These companies — Facebook, Google, Apple, Amazon and toss in Microsoft — are America’s crown jewels and should be celebrated, fostered, promoted by the government and any U.S. citizen. America is not good at too much, certainly not health care, and these companies represent our best, brightest, technological evolution and revolution in progress. Constraining them would most definitely destroy the best the United States excels and their intellectual properties must be protected, nurtured by our government. Biotech is the other industry where America as a nation excels.
Thank you for writing in, Adrienne! I appreciate the perspective. Personally, the Googles and the Apples of the world are far from the tech sector’s most-innovative companies (more on Apple in a sec).
I mean, just look at how Teladoc Health Inc. (NYSE: TDOC) revolutionized virtual doctor’s appointments even before the pandemic began. And that’s just one of many opportunities outside the Big Tech-walled garden. Keep reading Great Stuff, and we’ll eventually broaden your tech horizons.
It Is What It Is
Bye Joe. Where you going with that gun in your hand? My hopes. put one one in your own head. Your political views have soured me, so adios, MF. Watch your protest laden sports and claim your demy ticket for the polls. You’re toast. Post that on TikTok or Facebook, another commie group think controlled site.
— Gary C.
I originally had a long-drawn-out response written on how I don’t let politics into my investing advice. But then I realized … I don’t care. Threats … over a free e-zine? Really? Come on, Gary. I know 10-year-olds with thicker skin. But, if you’re really leaving (please leave):
Melting Every Which Way but Up
You can repeat Steve’s mantra as often as you would like, but it will never stick. Things do not ‘melt’ up. Go light a candle, sit an ice cube on the counter, or leave an ice cream cake in your back seat on a summer’s day, you’ll learn what it means to ‘melt.’

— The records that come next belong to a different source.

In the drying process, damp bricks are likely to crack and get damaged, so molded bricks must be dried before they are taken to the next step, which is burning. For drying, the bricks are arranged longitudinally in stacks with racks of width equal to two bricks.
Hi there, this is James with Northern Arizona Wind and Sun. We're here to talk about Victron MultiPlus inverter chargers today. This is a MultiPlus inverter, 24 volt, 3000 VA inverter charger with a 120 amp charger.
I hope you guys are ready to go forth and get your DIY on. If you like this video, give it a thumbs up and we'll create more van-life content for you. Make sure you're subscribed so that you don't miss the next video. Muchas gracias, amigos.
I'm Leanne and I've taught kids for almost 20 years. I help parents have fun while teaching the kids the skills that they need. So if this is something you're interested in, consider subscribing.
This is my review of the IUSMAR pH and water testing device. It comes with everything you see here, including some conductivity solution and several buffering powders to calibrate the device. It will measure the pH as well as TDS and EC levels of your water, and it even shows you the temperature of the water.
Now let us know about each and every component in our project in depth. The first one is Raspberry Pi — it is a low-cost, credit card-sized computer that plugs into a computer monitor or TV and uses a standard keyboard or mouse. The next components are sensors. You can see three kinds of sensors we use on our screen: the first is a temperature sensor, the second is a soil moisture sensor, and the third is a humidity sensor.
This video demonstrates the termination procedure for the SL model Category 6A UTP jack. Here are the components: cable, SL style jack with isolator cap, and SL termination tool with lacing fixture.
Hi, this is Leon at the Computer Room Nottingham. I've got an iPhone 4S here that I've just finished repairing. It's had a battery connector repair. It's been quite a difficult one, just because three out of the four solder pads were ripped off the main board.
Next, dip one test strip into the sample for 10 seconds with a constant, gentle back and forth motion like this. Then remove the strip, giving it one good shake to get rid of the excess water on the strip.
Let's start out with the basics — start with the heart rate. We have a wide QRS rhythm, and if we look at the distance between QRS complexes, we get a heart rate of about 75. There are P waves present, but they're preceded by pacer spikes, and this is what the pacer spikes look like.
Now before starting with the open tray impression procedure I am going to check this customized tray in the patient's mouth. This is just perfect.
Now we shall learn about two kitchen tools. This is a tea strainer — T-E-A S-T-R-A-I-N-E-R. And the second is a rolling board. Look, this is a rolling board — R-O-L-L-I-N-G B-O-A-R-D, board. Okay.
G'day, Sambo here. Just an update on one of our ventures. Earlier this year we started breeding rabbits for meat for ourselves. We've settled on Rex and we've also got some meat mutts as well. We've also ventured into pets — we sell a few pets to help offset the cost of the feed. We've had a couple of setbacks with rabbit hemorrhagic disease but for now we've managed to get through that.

I get his point about the market exuberance, but the term “melt-up” never made any sense, and it never will. You can try to redefine the term “tall” by using it to describe my 5’9” frame, but it will never make any sense to anyone. What happens in markets that Steve describes are run-ups. They have been happening in markets since long before the Dow was even a ‘thing.’ They weren’t ‘melting’ then, and they’re not ‘melting’ now.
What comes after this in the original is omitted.